Guineas can't live out in winter in the UK, so with the open bottom you do need to think where you will put them in winter, or consider winter indoor cages


----------



## yugimon121 (Oct 4, 2009)

Kare said:


> I have mine in 4ft hutches, but personally would say 3ft and permanent access to a run would be enough...the minimum of enough, but enough
> 
> Guineas can't live out in winter in the UK, so with the open bottom you do need to think where you will put them in winter, or consider winter indoor cages


Thanks  I have plans for an indoor hutch, but I will deal with that later


----------



## goldie1212 (Mar 5, 2010)

minimum for a pair of sows if 4ftx2ft, 8sq ft of room, for a pair of boars 5ftx2ft, 10sq ft. this should be the minimum but if they get a lot of time out of the cage it isnt quite so set in stone but i feel that hutch/fun is very very small. its more important when it comes to boars as they need space to get away form each other or they will likely fight. i have 2 sows in 14ftx2ft, 28 sq ft and i wouldnt want any more in there, they really like their room and are very energetic when given the space to be.


----------



## pigglywiggly (Jul 19, 2008)

i think its big enough myself.
i find that pigs get freaked out by too much room, their eyesight is very bad and they are prey animals after all.


----------



## Hammyhogbun (May 19, 2011)

I think its fine.

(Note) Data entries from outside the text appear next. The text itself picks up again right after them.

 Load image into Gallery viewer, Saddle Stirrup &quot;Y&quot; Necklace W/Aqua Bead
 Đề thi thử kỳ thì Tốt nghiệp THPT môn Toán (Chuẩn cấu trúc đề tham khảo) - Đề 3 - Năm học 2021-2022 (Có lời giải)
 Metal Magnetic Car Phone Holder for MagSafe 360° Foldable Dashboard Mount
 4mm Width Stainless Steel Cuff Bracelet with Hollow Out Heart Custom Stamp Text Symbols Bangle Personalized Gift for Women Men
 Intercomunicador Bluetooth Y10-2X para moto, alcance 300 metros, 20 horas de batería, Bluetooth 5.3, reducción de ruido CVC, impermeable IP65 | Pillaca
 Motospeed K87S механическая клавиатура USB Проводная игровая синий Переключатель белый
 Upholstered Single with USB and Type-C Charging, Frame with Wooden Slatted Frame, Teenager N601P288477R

I kept mine in 4ft hutches. I agree that they do get a bit crazy if they have to much room


----------



## goldie1212 (Mar 5, 2010)

crazy if they have too much room, hmmm, never heard that before. mine are happy as can be, as are my friends 2 boars who have an entire garden to themselves with a hutch they can go into if they feel the need to or want to eat or sleep. guinea pigs need room, and plenty of it, at least they then have the option to run and play and arent confined to a tiny space. put boxes and tunnels in and it will make no difference how huge their hutch/home is they will still feel happy and secure.


----------